## Implementing Gradient Descent
- Use gradient descent to train a network on graduate school admissions data
- File path "/home/isaac/UdacityDL/00_Prep/binary.csv"

### Data Cleanup
- we actually need to transform the data first. The rank feature is categorical, the numbers don't encode any sort of relative values. Rank 2 is not twice as much as rank 1, rank 3 is not 1.5 more than rank 2. Instead, we need to use dummy variables to encode rank, splitting the data into four new columns encoded with ones or zeros.
- We'll also need to standardize the GRE and GPA data, which means to scale the values such they have zero mean and a standard deviation of 1. This is necessary because the sigmoid function squashes really small and really large inputs. The gradient of really small and large inputs is zero, which means that the gradient descent step will go to zero too. 

### Algorithm Explained
- Set the weight step to zero: $\Delta w_{i} = 0$
- For each record in the training data
    1. Make a forward pass through the network, calculating the output $\hat y = f(\sum_{i}w_{i}x_{i})$
    2. Calculate the error gradient in the output unit, $\delta = (y - \hat y) \times f'(\sum_{i}w_{i}x_{i})$
    3. Update the weight step $\Delta w_{i} = w_{i} + \delta x_{i}$
- Update the weights $ \large w_{i} = w_{i} + \frac {\eta \Delta w_{i}} {m}, \hspace{2mm}$ where $\eta$ is the learning rate and m is the number of records
- Repeat for $e$ epochs

#### Notes:
- Use Sigmoid for the activation function: $ \large f(h) = \frac {1}{1 + e^{-x}}$
- Gradient of the Sigmoid is $f'(h) = f(h) (1 - f(h))$
- $h$ is the input to the output unit: $h = \sum_{i}w_{i}x_{i}$

In [1]:
# Import Numpy
import numpy as np

1. Need to initialize the weights
2. Weights should be small such that the input to the sigmoid is in the linear region near 0 and not squashed at the high and low ends
3. It's also important to initialize them randomly so that they all have different starting values and diverge, breaking symmetry
4. So, we'll initialize the weights from a normal distribution centered at 0. A good value for the scale is $\large \frac{1}{\sqrt n}$ where $n$ is the number of input units. This keeps input to the sigmoid low for increasing numbers of input units

Initialize weights
weights = np.random.normal(scale = 1/n_features ** (-0.5), size = n_features)

In [4]:
# Data Preparation
import numpy as np
import pandas as pd

admissions = pd.read_csv('binary.csv')

# Make dummy variables for rank
data = pd.concat([admissions, pd.get_dummies(admissions['rank'], prefix='rank')], axis=1)
data = data.drop('rank', axis=1)

# Standarize features
for field in ['gre', 'gpa']:
    mean, std = data[field].mean(), data[field].std()
    data.loc[:,field] = (data[field]-mean)/std
    
# Split off random 10% of the data for testing
np.random.seed(42)
sample = np.random.choice(data.index, size=int(len(data)*0.9), replace=False)
data, test_data = data.ix[sample], data.drop(sample)

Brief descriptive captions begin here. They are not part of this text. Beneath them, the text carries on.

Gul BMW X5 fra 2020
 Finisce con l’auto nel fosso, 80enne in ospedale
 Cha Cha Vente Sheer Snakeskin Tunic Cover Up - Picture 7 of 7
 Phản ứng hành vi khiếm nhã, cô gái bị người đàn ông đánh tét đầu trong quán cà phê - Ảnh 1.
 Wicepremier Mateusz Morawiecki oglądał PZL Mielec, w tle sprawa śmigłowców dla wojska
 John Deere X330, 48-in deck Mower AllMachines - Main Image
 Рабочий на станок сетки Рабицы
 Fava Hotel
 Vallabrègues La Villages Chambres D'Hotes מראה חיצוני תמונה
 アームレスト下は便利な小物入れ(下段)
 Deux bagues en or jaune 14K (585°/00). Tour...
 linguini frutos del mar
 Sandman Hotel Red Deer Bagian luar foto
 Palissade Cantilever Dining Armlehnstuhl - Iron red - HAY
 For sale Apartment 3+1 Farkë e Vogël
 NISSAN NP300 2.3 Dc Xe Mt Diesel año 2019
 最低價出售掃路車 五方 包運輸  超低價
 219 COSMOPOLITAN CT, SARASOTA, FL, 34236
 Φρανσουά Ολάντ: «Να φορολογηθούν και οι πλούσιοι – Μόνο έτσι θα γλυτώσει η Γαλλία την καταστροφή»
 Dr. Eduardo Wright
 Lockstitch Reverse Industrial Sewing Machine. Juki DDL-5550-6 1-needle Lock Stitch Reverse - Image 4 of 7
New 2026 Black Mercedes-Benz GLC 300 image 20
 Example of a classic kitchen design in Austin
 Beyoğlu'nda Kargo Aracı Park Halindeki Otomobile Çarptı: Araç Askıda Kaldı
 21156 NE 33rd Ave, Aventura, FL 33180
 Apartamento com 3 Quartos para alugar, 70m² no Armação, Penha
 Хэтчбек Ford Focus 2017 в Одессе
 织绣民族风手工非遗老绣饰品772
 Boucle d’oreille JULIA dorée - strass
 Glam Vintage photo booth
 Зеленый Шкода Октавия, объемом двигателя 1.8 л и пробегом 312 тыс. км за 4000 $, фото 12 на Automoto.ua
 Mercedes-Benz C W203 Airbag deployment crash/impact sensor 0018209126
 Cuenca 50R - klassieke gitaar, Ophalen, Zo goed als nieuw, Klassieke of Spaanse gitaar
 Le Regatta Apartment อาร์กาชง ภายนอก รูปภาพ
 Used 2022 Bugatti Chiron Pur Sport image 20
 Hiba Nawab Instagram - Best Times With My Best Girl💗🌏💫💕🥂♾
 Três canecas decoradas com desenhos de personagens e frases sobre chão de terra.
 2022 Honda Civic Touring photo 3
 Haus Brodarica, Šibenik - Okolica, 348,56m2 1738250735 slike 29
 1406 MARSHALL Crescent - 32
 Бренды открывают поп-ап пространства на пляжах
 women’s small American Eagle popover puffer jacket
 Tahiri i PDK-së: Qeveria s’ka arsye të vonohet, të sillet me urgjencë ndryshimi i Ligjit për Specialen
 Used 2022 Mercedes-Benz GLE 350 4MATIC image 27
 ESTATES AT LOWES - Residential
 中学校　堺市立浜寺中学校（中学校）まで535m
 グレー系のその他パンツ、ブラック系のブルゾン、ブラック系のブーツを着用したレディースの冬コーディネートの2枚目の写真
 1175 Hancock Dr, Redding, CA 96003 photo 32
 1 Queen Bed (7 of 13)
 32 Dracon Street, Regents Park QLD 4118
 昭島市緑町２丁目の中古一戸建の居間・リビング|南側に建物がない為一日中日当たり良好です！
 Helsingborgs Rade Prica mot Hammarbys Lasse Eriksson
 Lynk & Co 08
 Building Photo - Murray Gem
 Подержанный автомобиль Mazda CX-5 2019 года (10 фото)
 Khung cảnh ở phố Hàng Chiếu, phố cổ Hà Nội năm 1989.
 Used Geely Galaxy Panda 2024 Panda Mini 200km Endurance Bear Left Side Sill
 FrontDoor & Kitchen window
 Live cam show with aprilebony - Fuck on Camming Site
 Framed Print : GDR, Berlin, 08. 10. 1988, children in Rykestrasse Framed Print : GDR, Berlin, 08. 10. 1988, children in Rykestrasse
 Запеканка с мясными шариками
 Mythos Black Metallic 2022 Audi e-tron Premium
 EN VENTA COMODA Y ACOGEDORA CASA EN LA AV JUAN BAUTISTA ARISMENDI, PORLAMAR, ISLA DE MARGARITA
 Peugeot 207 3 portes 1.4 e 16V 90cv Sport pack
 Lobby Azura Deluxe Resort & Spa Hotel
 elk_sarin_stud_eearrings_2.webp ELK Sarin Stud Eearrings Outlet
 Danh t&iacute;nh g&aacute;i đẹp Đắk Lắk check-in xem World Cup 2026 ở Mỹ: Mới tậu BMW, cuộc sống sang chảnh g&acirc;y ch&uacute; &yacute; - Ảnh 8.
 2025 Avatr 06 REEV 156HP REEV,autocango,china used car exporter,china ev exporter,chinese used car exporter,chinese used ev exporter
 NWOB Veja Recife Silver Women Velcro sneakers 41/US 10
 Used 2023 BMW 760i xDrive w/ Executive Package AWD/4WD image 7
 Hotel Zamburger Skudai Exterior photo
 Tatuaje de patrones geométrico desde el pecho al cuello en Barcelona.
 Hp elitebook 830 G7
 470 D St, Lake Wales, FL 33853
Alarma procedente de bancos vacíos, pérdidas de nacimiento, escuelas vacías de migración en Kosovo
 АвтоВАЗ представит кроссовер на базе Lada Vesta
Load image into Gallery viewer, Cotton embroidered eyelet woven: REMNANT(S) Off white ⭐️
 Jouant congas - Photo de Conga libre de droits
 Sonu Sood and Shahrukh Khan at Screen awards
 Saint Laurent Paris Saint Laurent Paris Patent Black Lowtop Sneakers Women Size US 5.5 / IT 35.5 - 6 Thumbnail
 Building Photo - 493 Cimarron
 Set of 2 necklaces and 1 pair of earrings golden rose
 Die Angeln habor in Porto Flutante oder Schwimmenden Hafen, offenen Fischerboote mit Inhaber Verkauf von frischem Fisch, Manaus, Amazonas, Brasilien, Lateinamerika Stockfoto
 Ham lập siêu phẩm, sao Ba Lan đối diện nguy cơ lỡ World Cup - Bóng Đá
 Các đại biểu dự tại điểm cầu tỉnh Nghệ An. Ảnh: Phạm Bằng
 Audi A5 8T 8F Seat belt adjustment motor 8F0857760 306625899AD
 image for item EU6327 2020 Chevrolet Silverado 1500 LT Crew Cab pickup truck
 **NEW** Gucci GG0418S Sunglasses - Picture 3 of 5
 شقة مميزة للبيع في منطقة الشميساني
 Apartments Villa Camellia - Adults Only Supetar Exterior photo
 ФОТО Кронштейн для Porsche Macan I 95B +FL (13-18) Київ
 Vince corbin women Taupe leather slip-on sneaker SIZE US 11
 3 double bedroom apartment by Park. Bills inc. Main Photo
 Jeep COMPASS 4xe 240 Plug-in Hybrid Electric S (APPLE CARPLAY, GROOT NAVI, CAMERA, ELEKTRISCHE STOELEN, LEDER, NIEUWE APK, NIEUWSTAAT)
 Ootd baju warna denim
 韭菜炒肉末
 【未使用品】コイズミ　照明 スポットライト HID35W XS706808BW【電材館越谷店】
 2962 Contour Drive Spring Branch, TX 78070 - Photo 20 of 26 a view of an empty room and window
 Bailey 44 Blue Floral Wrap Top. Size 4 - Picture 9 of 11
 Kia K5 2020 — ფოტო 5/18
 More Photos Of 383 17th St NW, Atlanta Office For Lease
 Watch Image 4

# Split into features and targets
features, targets = data.drop('admit', axis=1), data['admit']
features_test, targets_test = test_data.drop('admit', axis=1), test_data['admit']

In [24]:
# Define Sigmoid Function
def sigmoid(x):
    return (1 / (1 + np.exp(-x)))

In [39]:
# Run Steps for Gradient Descent
def run():
    #set seed to generate same results
    np.random.seed(42)
    n_records, n_features = features.shape
    last_loss = None
    
    # Initialize weights
    weights = np.random.normal(scale = 1/n_features ** (-0.5), size = n_features)
    
    # Set up NN hyperparameters
    epochs = 1000
    learnrate = 0.5
    
    for e in range(epochs):
        del_w = np.zeros(len(weights))
        for x,y in zip(features.values, targets):
            ## 1. Calculate the output
            nn_output = sigmoid(np.dot(weights, x))
            ## 2. Calculate the error & Gradient Error
            nn_error = y - nn_output
            nn_grd_error = nn_error * nn_output * (1 - nn_output)
            ## 3. Calculate the weight change
            del_w += nn_grd_error * x
        weights += learnrate * del_w / n_records
        
        #Printing the MSE on the training set
        if e % (epochs / 10) == 0:
            out = sigmoid(np.dot(features, weights))
            loss = np.mean((out - targets) ** 2)
            if last_loss and last_loss < loss:
                print("Training Loss: ", loss, "Warning - loss increasing")
            else:
                print("Training Loss: ", loss)
            last_loss = loss
    
    #Calculate accuracy on test data
    test_out = sigmoid(np.dot(features_test, weights))
    prediction = test_out > 0.5
    accuracy = np.mean(prediction == targets_test)
    print("Prediction Accuracy: {a}".format(a = accuracy))

In [40]:
#Write the main function
if __name__ == "__main__":
    run()

Training Loss:  0.368439541983512
Training Loss:  0.349170785218876
Training Loss:  0.33217440574485835
Training Loss:  0.30603721927356853
Training Loss:  0.25612134085589033
Training Loss:  0.21026563561120573
Training Loss:  0.19921050410028213
Training Loss:  0.1974844717751469
Training Loss:  0.1971205928346378
Training Loss:  0.19702125482094843
Prediction Accuracy: 0.725